Mass. gambling panel hears casino pitches

Published on NewsOK Modified: January 22, 2014 at 5:43 pm •  Published: January 22, 2014

BOSTON (AP) — The two companies competing for the coveted license to operate the only resort casino in greater Boston delivered high-powered presentations to the state gambling commission on Wednesday, with both promising to be the superior choice to create jobs, generate tax revenue and attract tourists from around the world.

Mohegan Sun has applied to build a casino on land owned by Suffolk Downs in Revere, pending a Feb. 25 referendum, while Las Vegas casino operator Steve Wynn has proposed a casino along the Mystic River in Everett. Both locations lie just outside the city of Boston.

"We have the 'wow' that this market wants and what Massachusetts deserves," said Mitchell Etess, chief executive of the Mohegan Tribal Gaming Authority, during a 90-minute presentation that included charts, videos and architectural models.

Wynn, by contrast, offered a less glitzy and largely unscripted presentation that lasted less than one hour.

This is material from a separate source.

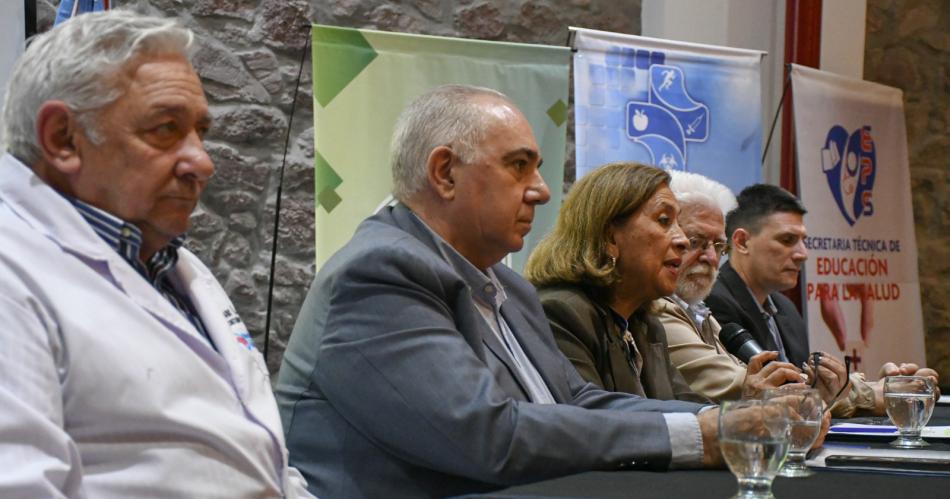 Los Ministerios de Salud y Produccioacuten firmaron acuerdo de cooperacioacuten para cuidar el medioambiente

"I'm being hard-nosed today because today is not about theater, today is about how we get a destination resort up and running in Massachusetts," said Wynn, who openly mocked the Mohegan Sun proposal as a three-star resort compared to what he said would be a five-star operation if his company wins the license.

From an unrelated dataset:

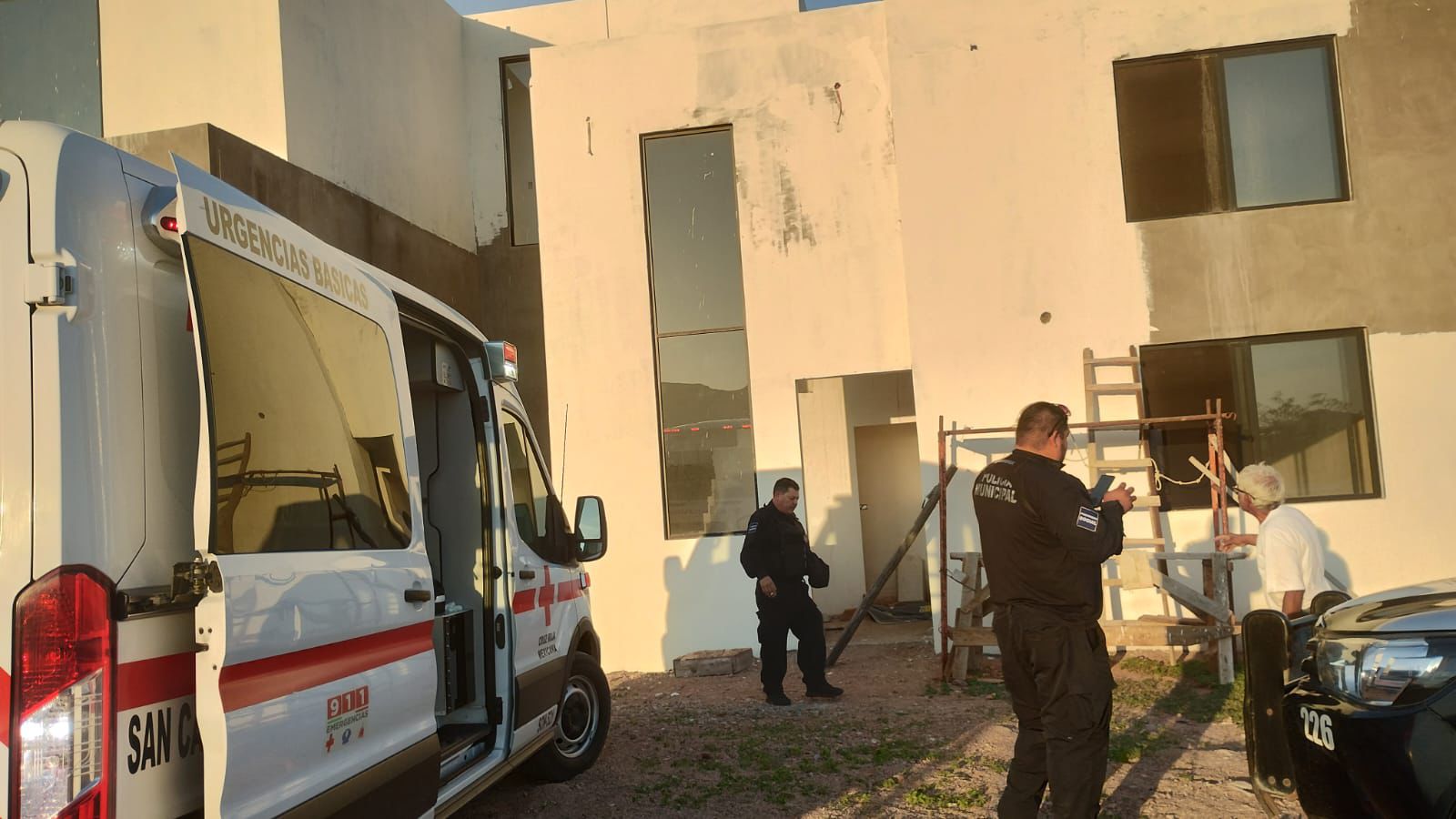 Localizan a albañil sin vida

Wynn said the hotel rooms in the Everett resort would be nearly twice as large and far more luxurious that the competing proposal. He also sharply criticized Mohegan Sun's architect for a low-rise, "horizontal" design, as opposed to the 19-story high-rise tower he has proposed, saying a "vertical" development is more user friendly for guests — making it easier, for example, for room service to deliver hot breakfasts.

A spokesman for Mohegan Sun later said its primary hotel would be a four-star operation, while another, smaller hotel would be three-star.

Mohegan Sun's Revere-only plan emerged after an earlier proposal by Suffolk Downs, a 78-year-old thoroughbred racetrack, to develop a casino on the Boston-Revere border was rejected last November by voters in the East Boston neighborhood.

Etess acknowledged that the last few months had been a "whirlwind" for the company, which formed a partnership with Suffolk Downs after a failed attempt to develop a casino in the western Massachusetts town of Palmer.